As a software engineer in my 20's back in the 80's, I had my own office and we used to fly first-class everywhere. Today, you'll most likely be stuck in an open office plan with a bunch of smelly Indians who steal your code.

Regards,

PTR
 
As a software engineer in my 20's back in the 80's, I had my own office and we used to fly first-class everywhere. Today, you'll most likely be stuck in an open office plan with a bunch of smelly Indians who steal your code.

Regards,

PTR

LOL. I have to admit the H1B types are often useless and the equivalent of plumbers who use duct tape to connect joints.
 
Strongly disagree. Cannot take a an online class for that and be consistently profitable in a few months.

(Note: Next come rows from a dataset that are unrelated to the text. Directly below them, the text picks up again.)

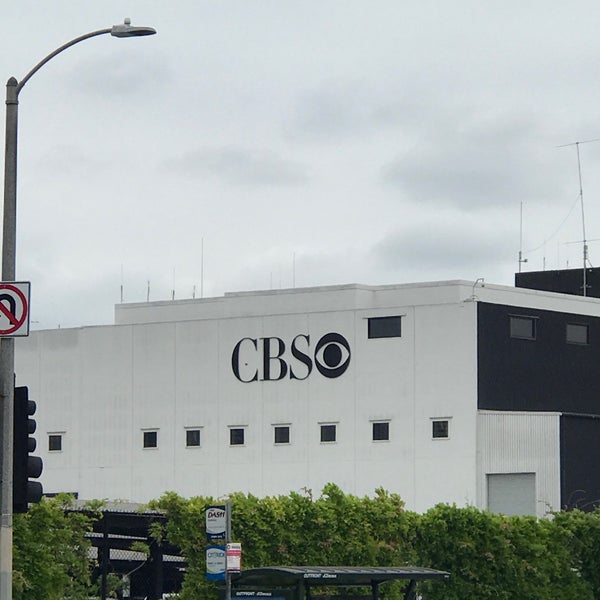 Photo taken at CBS Television City Studios by Barry F. on 5/8/2019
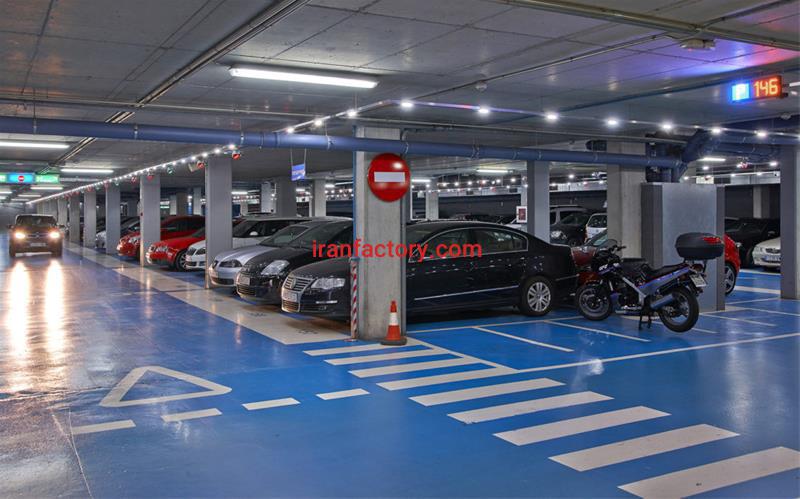 اجرای کفپوش اپوکسی مناسب پارکینگ0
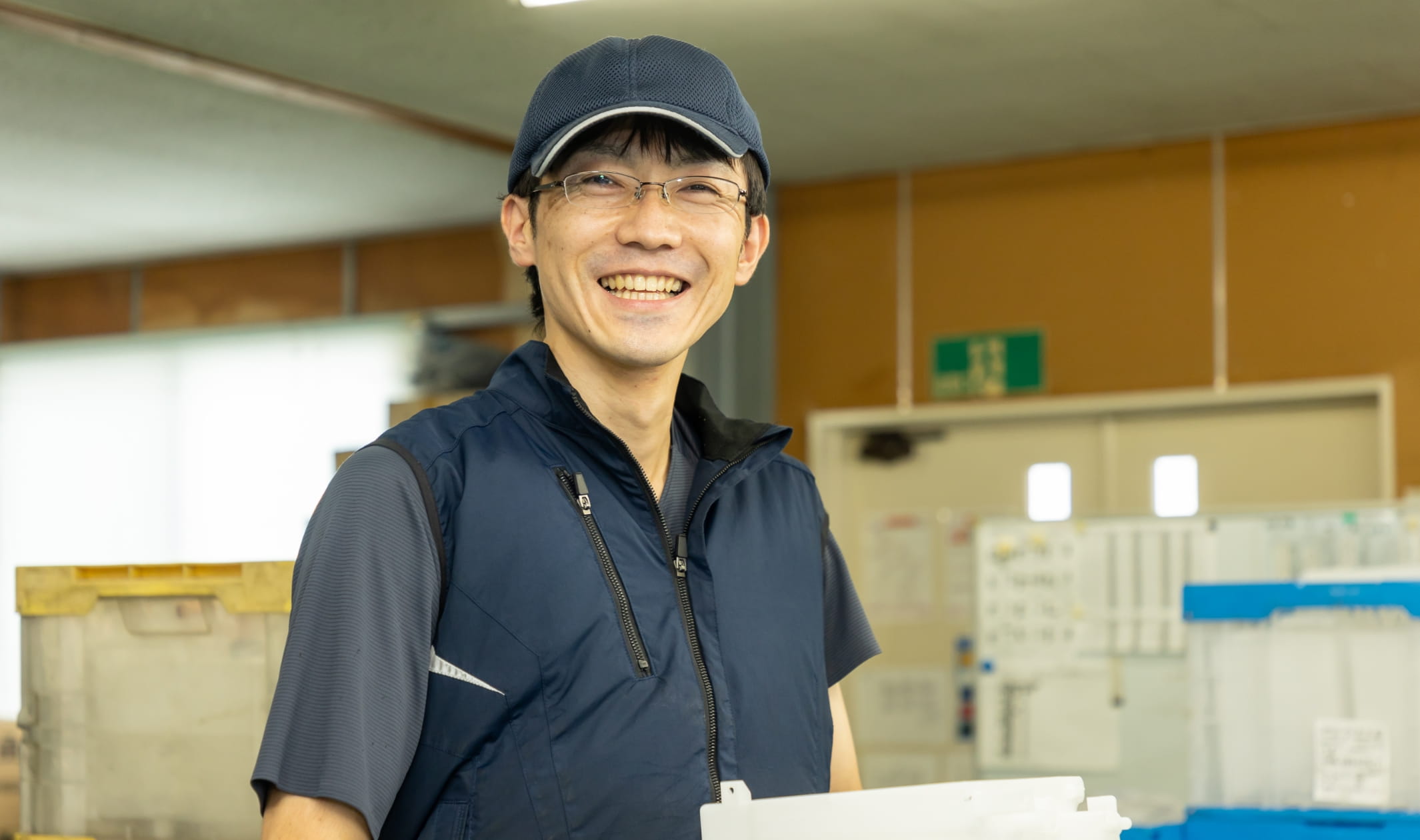 インタビュー #05 の写真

Obviously without knowing your situation I cannot know what is best for you, but I agree with what @nooby_mcnoob is saying. The industry had changed a lot from when I started. If you like coding, getting "a day job" may be the worst thing to do. You may end up with 10% coding and 90% soul sucking BS. By the time you realize this, you may be too deep in. Some industries are easy to get in, but hard to stay in. Some, like Doctors, are the opposite. If you have a choice, give it some thought.
Fortunately I don't need a day job. I learn programming to see if I can forecast stock price movement, to augment chart reading. :D
 
LOL. I have to admit the H1B types are often useless and the equivalent of plumbers who use duct tape to connect joints.
Be nice. Don't forget Google, Microsoft and a few other big techs are run by immigrants from India. There are lots of smart cookies coming out of there.:finger:
 
Yes you're right, thanks for calling me out.
:thumbsup::thumbsup:

You are right about one thing: Today's programmers/coders are probably the 21st century's equivalent of blue collar workers for the 20th century. You really don't need a college degree to learn it and the jobs pay a lot better than flipping hamburgers.

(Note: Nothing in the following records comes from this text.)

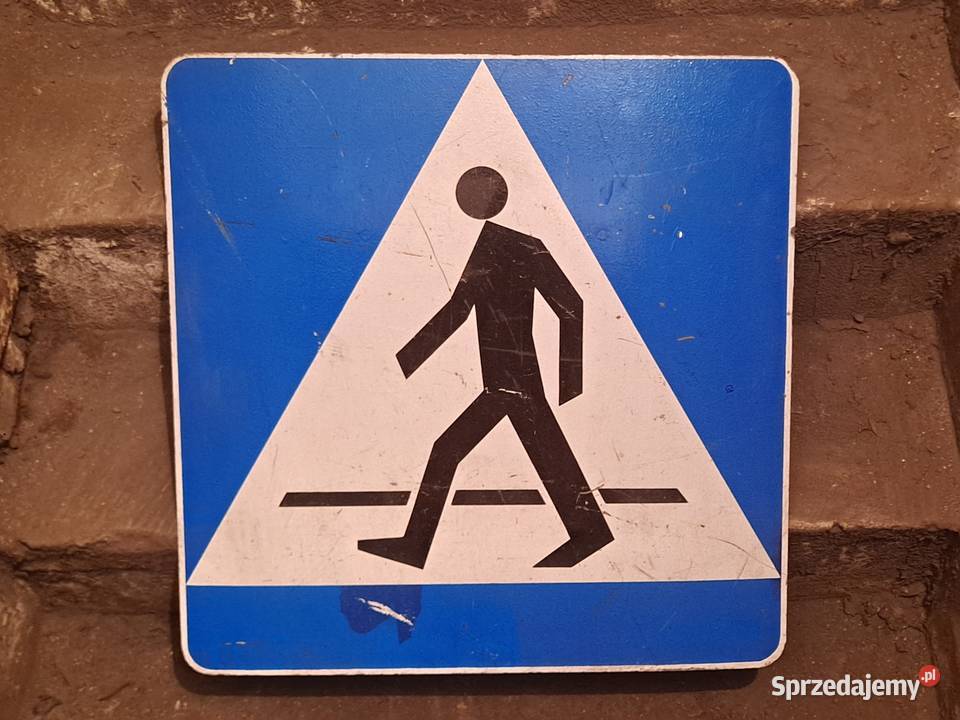 Znak drogowy znaki drogowe 60 x 60 sprzedam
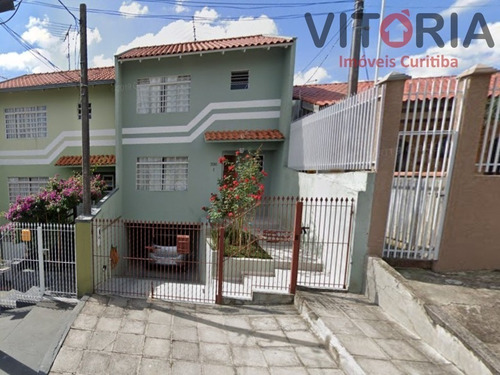 Imagem 1 de 15 de Sobrado - Alto Boqueirao - Ref: 12 - V-so01370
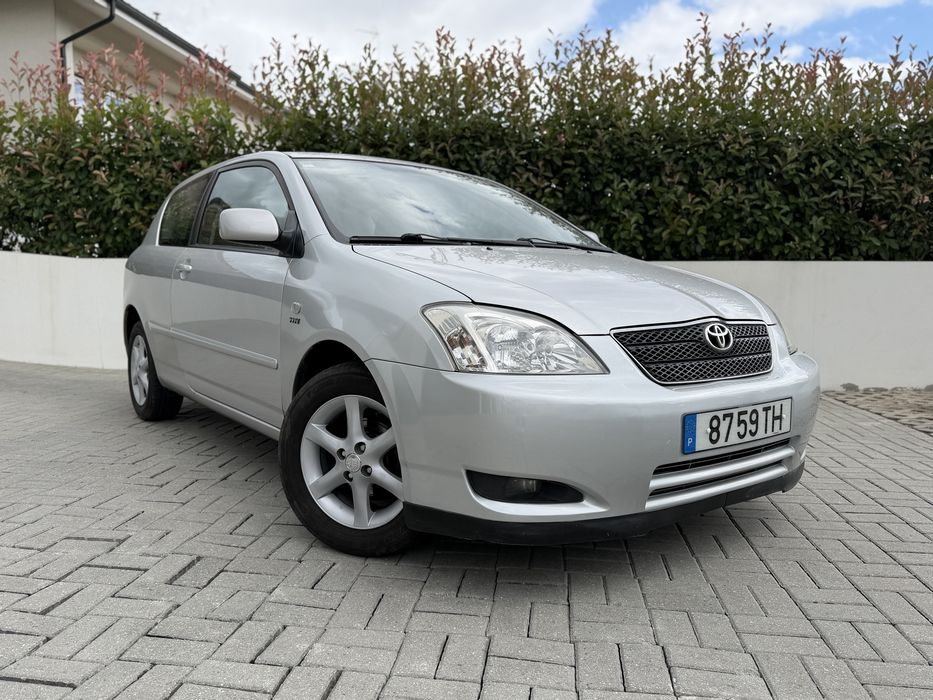 Toyota Corolla 1.4VVT-i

By the way I am enjoying my VBA class.
 
The one thing I regret in my career is not staying at the flagship companies... Those that look really good on someone's bio. Problem is that I'm just a terrible employee. I tell my kids that they should expect to be fired around 40-45 so go hard from grad and plan your exit ~35-40. Save, invest and network and they'll never need a day job after 35.

I don't know. I used to think that way until I realized time IS the most valuable asset. Why slave away in the cubicle farm just so you can retire with your best years behind you?

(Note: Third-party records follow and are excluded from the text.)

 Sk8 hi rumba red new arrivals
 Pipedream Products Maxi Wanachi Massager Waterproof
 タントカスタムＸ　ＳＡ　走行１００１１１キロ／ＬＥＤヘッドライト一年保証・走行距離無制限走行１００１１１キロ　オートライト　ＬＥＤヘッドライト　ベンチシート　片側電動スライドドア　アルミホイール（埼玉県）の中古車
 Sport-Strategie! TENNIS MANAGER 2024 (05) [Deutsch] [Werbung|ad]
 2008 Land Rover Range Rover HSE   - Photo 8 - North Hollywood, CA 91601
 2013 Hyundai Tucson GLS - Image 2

Sure, money pays for stuff. I get it. Anyways, not here to start a 50 pager thread.
 
Why slave away in the cubicle farm just so you can retire with your best years behind you?

I don't think it's either/or. Youth is wasted on the young, and in my case, I just kept seeing bigger and bigger. Big tech/finance was not enough. But really, the friends I still have at these places live very nice, balanced lives. They get to do what they enjoy, make good money and still have time to hike/bike/travel with their family.

50 pagers are the best.
 
Today's programmers/coders are probably the 21st century's equivalent of blue collar workers for the 20th century.
Yes, kind of. There were two major reasons for it:
1) Globalization and acceptance of remote work leveled the playing field. There's lots of talented people overseas willing and able to work for a lot less.
2) Commoditization of programming via libraries, API, AWS, open source, etc. 90% of coding work can now indeed be done with minimal skill and it will be "good enough"

There's still good opportunities for talented programmers, but it's becoming harder to differentiate yourself, especially when you deal with non-technical client/management.